The Involuntary Union: European Economic Governance and the 'Union State'
The political reaction to the economic crisis shows two things: First, in moments of great crisis, the nation-state is the first port-of-call. With economic stability at stake and large quantities of taxpayers’ money needed to save the financial sector, no one asked for help from ‘Europe’. Instead, everyone—from bankers to carmakers to citizens—counted on their respective governments to intervene. Second, national governments all too soon find out that, on their own, they cannot do much. They have to turn to ‘Europe’—to their collective government institutions at the EU-level, the European Commission and the European Central Bank (ECB)—to manage the crisis. What the ongoing Euro crisis thus shows is that the process of European integration has long ceased to be a matter of choice. Rather, it has become an urgent necessity.
Until the fall of the Iron Curtain, European integration was above all a matter of choice. The member states joined forces voluntarily, without being compelled to do so by external forces. The main military threat—nuclear confrontation—was held in check by NATO, to which most of the states of the then-European Community belonged. This ‘voluntary union’ was founded on economic opportunity, and was later supplemented (and codified in the Maastricht Treaty) by a desire to establish an external political identity and finally by the ambitious foundation of a European citizenry.
However, by the end of the ‘golden age’ of the 1990s, the general conditions governing European integration had dramatically changed.

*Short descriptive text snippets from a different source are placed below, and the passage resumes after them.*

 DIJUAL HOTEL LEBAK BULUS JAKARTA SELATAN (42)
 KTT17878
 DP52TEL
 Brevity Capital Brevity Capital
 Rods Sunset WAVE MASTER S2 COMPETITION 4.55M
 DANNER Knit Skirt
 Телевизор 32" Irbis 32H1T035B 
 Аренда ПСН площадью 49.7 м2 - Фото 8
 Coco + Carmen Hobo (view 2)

The EU members’ voluntary efforts to integrate themselves and to create common goods had left them collectively vulnerable to international pressures that arose from the end of the Cold War. This is true for economic integration, which is driving by competition with rising powers such as China, India, Brazil, and Russia, as well as for foreign policy, where acute crisis management has become the major driving force of integration, and the field of home affairs, in which the protection of citizens dominates policy developments. Thus, integration today can no longer be seen as a matter of choice, but of necessity.

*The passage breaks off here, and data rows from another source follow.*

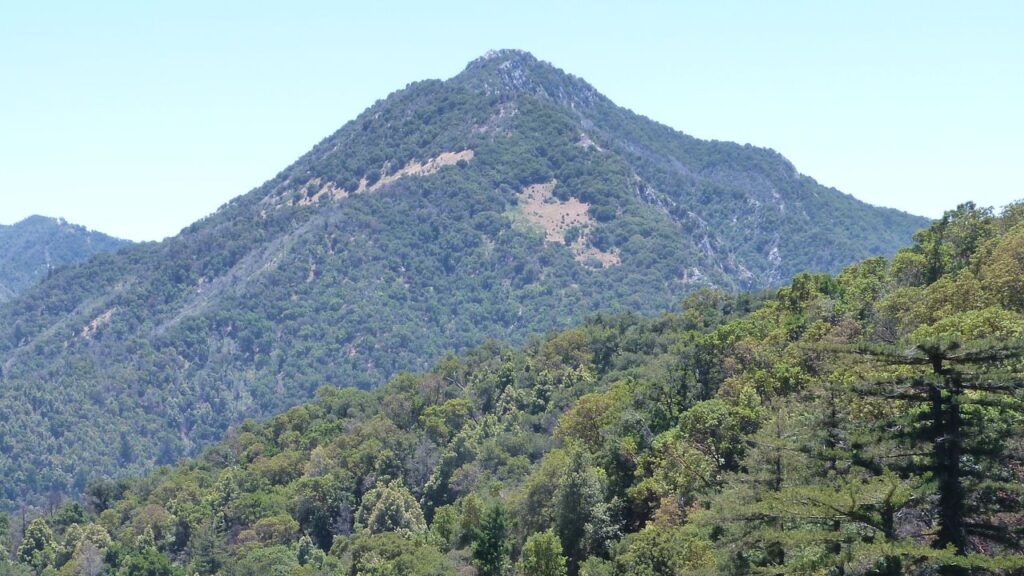girl-scout-rescued-in-california-canyon-thanks-to-satellite-technology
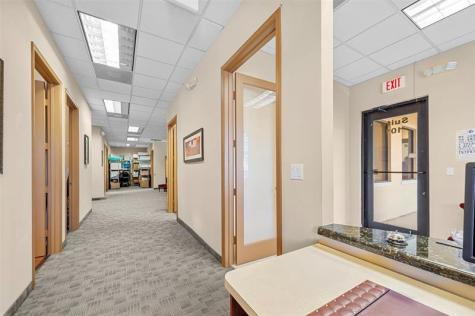 11780 W Sample Road Coral Springs FL 33065
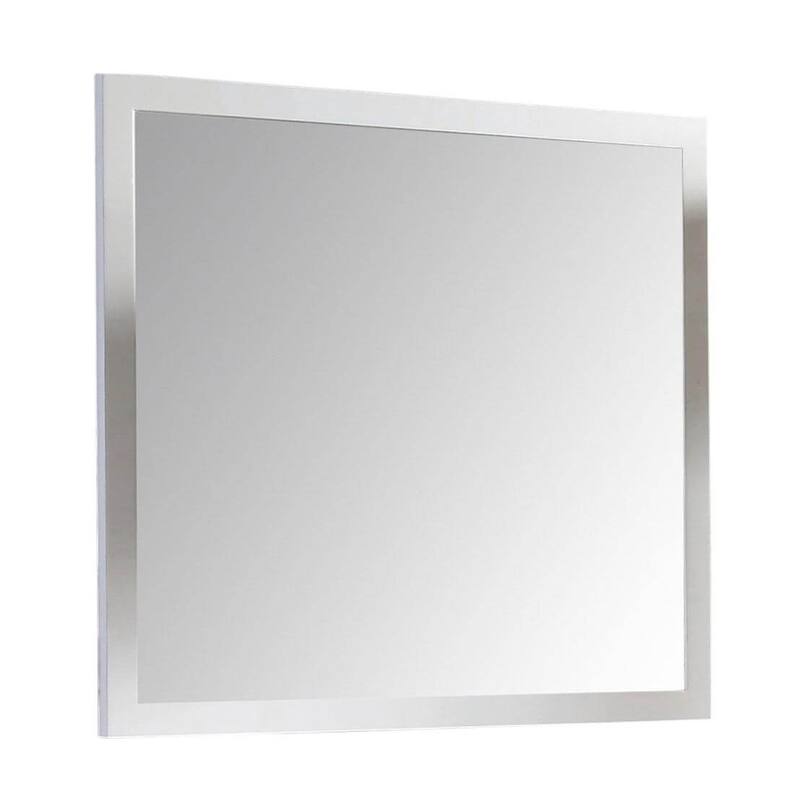 Concordia Collection bathroom Mirror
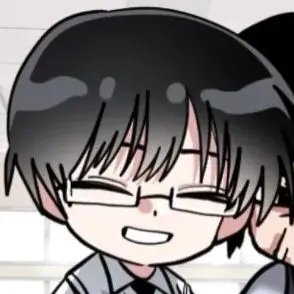 Profile image of 안경이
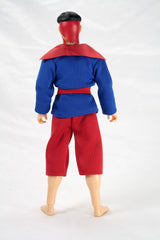 Atlas Comics Action Figure Hand of the Dragon 20 cm 0850002478655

Given these external pressures, it is interesting to note that although the EU has been a global economic power for more than half a century, it does not have a competence to set economic and employment policies. The drawbacks of an incoherent division of authority were clearly illustrated by the EU’s initial reaction to the economic crisis. Badly coordinated stimulus packages and strictly national rescue plans for stricken industries painted a sufficiently confusing picture of the Union. This did not come too much as a surprise, however, as there were neither the mechanisms in place obliging more economic cooperation, nor the money available at the EU level for decisive joint action (e.g. through a European-wide stimulus financed by the Commission). Moreover, the member states simply did not (yet) feel the vital need to coordinate their policies better.

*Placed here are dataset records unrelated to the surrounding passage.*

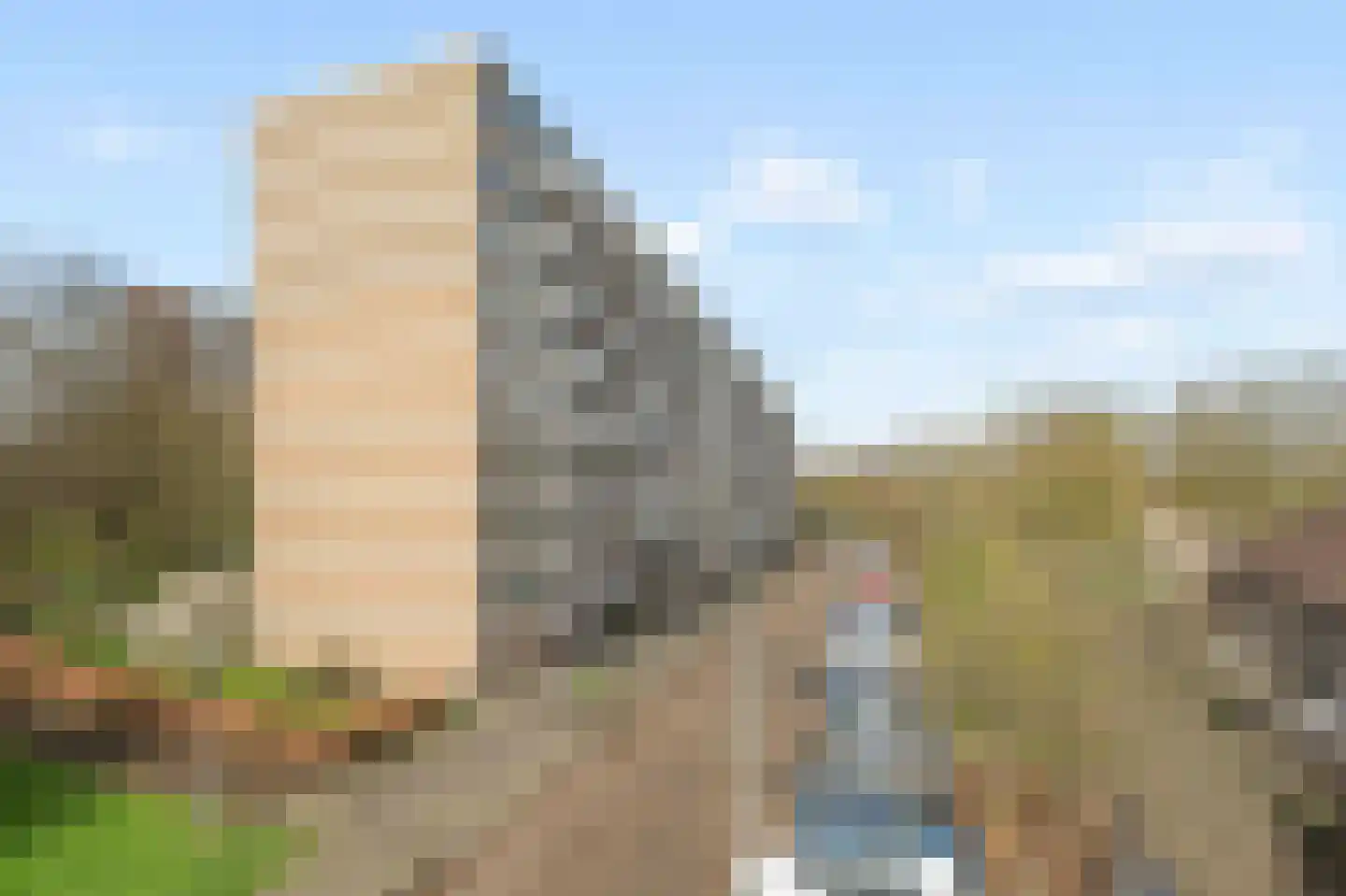 Nansenplaats 267 Rotterdam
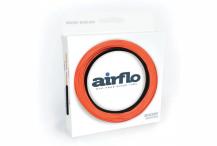 Airflo 40+ Booby Basher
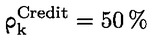 formula (image in the official text)
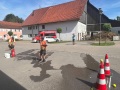 kinderfeuerwehr-abnahme-memmingerberg-2022-113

Just like the crisis originated from the financial sector, it needed a financial crisis in Europe for member states to agree to more binding rules on economic policy. During the first culmination of the debt crisis in May 2010, member states agreed on immediate rescue measures (for Greece and for the Eurozone as a whole) as well as to set up a working group to develop farther-reaching proposals for new governance mechanisms in the Eurozone. Ironically Germany, one of the most vocal opponents to any form of ‘economic governance’ until then, was now the one making the most far-reaching proposals. Its motivation was clear: to receive assurances of stricter and better-coordinated economic policies in return for the budgetary help provided. As long as the ‘no bailout’ clause of the Treaty could be taken literally (i.e. no financial transfers of any kind between Eurozone members), governments refrained from integrating their economic policies. Now that national taxpayers’ money has been put to guarantee or directly support other member states, those on the giving end want to make sure to curb the irresponsible policies that led to the near-collapse. In short: The price of the rescue is stronger control over the economic and budgetary policies of the country applying for help. Importantly, this control is exercised by member states collectively (together with the ECB and the International Monetary Fund)—it is not communitarised.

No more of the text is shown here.